When Rosemarie Weber finished high school, she met a priest named Father John. Father John suggested that she look up his brother in Saint Cloud, Minnesota. When she got to Saint Cloud, Father John's brother, Ralph, was in Europe. She saw a picture of him and knew she wanted to marry him. Weber attended Mercy College in San Diego. Three days after she finished her nurses training she married Ralph. It was 1952. Weber went to the front gate at Santo Thomas and heard a lady screaming. She peered through the fence and saw a woman being water boarded. She also heard about the beating of the three soldiers. If people didn't bow they would be slapped. The Japanese didn't have much to do with the prisoners because they thought the prisoners were beneath them. The camp was run like a city. The headquarters of the Americans would deal with the Japanese. People who had shanties were allowed to grow gardens. Until 1944, people on the outside were allowed to bring food into the camp. In 1944 the gates were closed and the prisoners had to rely on the Japanese for food. Food was scarce. In 1943 and early 1944, Weber asked her mother why so many people were dying. Her mother replied that they had given up hope. Her mother was sick with two types of dysentery and beri-beri but she never gave up hope. Hope was a very important virtue to her.


[Annotator's Note: Rosemarie Weber was an American civilian interned in the Santo Thomas internment camp in Manila, Philippines during World War 2.] One thing that gave the prisoners hope was when the American planes would fly over and drop pamphlets telling them that the Yanks [Annotator's Note: slang for Americans] were coming. It infuriated the Japanese. When the American troops finally entered the camp, they had K rations and cooked for the inmates. In the camp there were Americans, British, Dutch, Australian, and a few Spanish people who had American spouses. When people are hungry they got cross, and there was some stealing. There were some military men in the camp but people told the Japanese who they were and they were shipped off to military camps. In the camps the men were segregated from the women at night. They had entertainment too. For about six months the Japanese didn't give them any food and they had to rely on the Filipino people on the outside. The only contact with the Japanese was when inmates had to bow and during roll call. As a child, Weber was spoiled. She was an only child living in a household with servants. Her experience in the camp changed her life for the better. It was when the soldiers entered the camp and the Japanese fell back and shelled the camp killing about 50 people that Weber decided to become a nurse.
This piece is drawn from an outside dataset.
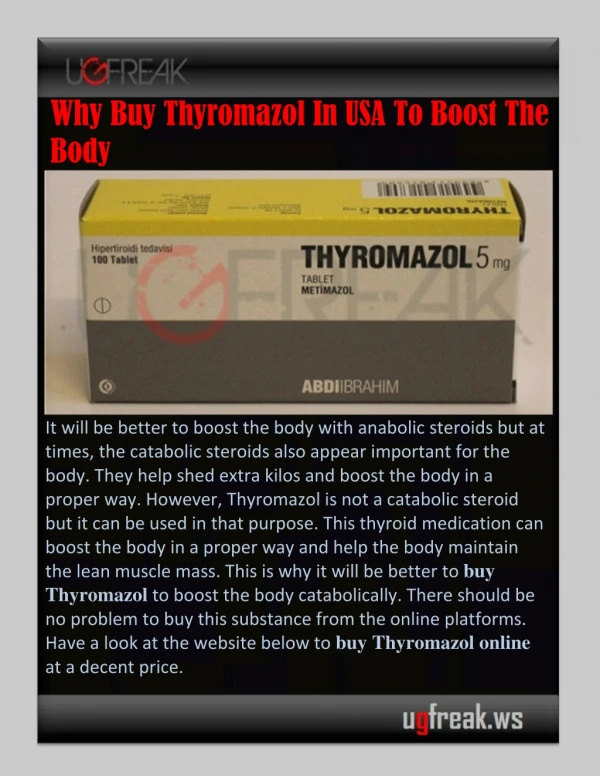 Why Buy Thyromazol In USA To Boost The Body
The patriotism people felt during World War 2 was incredible. There was rationing in the United States. Japanese-Americans and Japanese nationals were put in camps in the United States but Weber doesn't feel that they were as mistreated as she was. Every time Weber sees a service member she says a rosary for them. In the camp, Weber had measles and when she was on her way back aboard the USS Admiral E. W. Eberle (AP-123), she got chicken pox. On the ship coming home, a girl Weber didn't know died of a brain tumor. She was put in a cloth and buried at sea. Having a National WWII Museum gives the younger people a chance to know what went on in the past. Weber is glad she was born in the Philippines and that she went through the prison camp. She loves the Filipino people.